Elizabeth: the Golden Age was presumably better than Children in Need, but nonetheless disappointing. The acting was superb, particularly Cate Blanchett (Elizabeth) and Samantha Morton (Mary Queen of Scots). The first half was atmospheric, beautiful and involving, as Elizabeth fends off various suitors and Philip of Spain and Mary Q of S plot to remove her. But the second half is, well, weedy. The plot disintegrates into Elizabeth’s mooning over Clive Owen’s Walter Raleigh — a handsome rake indeed, but it doesn’t work to try to turn him into Johnny Depp/Captain Jack Sparrow and at the same time have him impregnate and feel obliged to marry a lady in waiting — a predictable event but not carried out with much enthusiasm on Clive’s part — he is much more convincing when he talks about the joys of sailing off to America. I don’t understand why the director and writer decided to focus on the love triangle aspects (boring and hackneyed) and skip over the aftermath of the failed conspiracy and barely feature the dramatic story of the defeat of the Spanish Armada.
Francis Drake hardly figures at all: he has a couple of late scenes in a ship’s cabin with map on table, saying "what shall we do, Walter?", while Clive Owen’s Raleigh is the hero of the hour, single-handedly directing a fireship into the advancing CG Spanish fleet (special effects worse than an episode of Dr Who) and hence repelling the invaders. Meanwhile, on shore, Elizabeth gets on a white horse and does an Aragorn-imitation speech instead of the (excellent) real thing.
Far from being a pale adjunct to Raleigh, Francis Drake was another bearded pirate much favoured by Elizabeth, who was only too pleased when these two gentlemen (and others) plundered Spanish trading ships or colonies and bought her the spoils. After the events shown in the film, Drake was the first Englishman to sail round the world; on his return the queen knighted him on his ship The Golden Hind. He was in charge of the navy at the time of the Spanish threat (Raleigh was, as the film shows, imprisoned in the Tower at the time, and it is possible that, as the film portrays, the reason was because Elizabeth was annoyed that he had married).
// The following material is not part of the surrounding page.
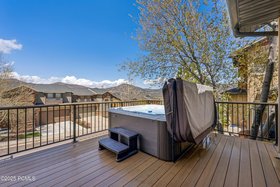 32_Deck-Area_high_4221342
Drake famously refused to do anything about the Armada until he had finished his game of bowls in Plymouth. When he was ready, he sent eight fireboats into the Spanish fleet which was anchored off Calais. This caused them to scatter and, aided by a convenient storm, they were easily attacked by the much smaller English ships. Spain lost seventy ships and England none: Elizabeth became a legend in her own time in this amazing triumph over the odds.
So why the film couldn’t have featured some of this instead of shots of Clive Owen and a white horse swimming in a tank, I don’t know. Yes, Clive is suitably bearded — though not quite as luxuriously as Sir Walter’s portraits — but just think, we could have had two pirates instead of one, two beards (in the movie, Francis is clean shaven! The horror!), lots more action — including the game of bowls, I was looking forward to that — and far fewer shots of rustling petticoats and yearning looks across the throne room.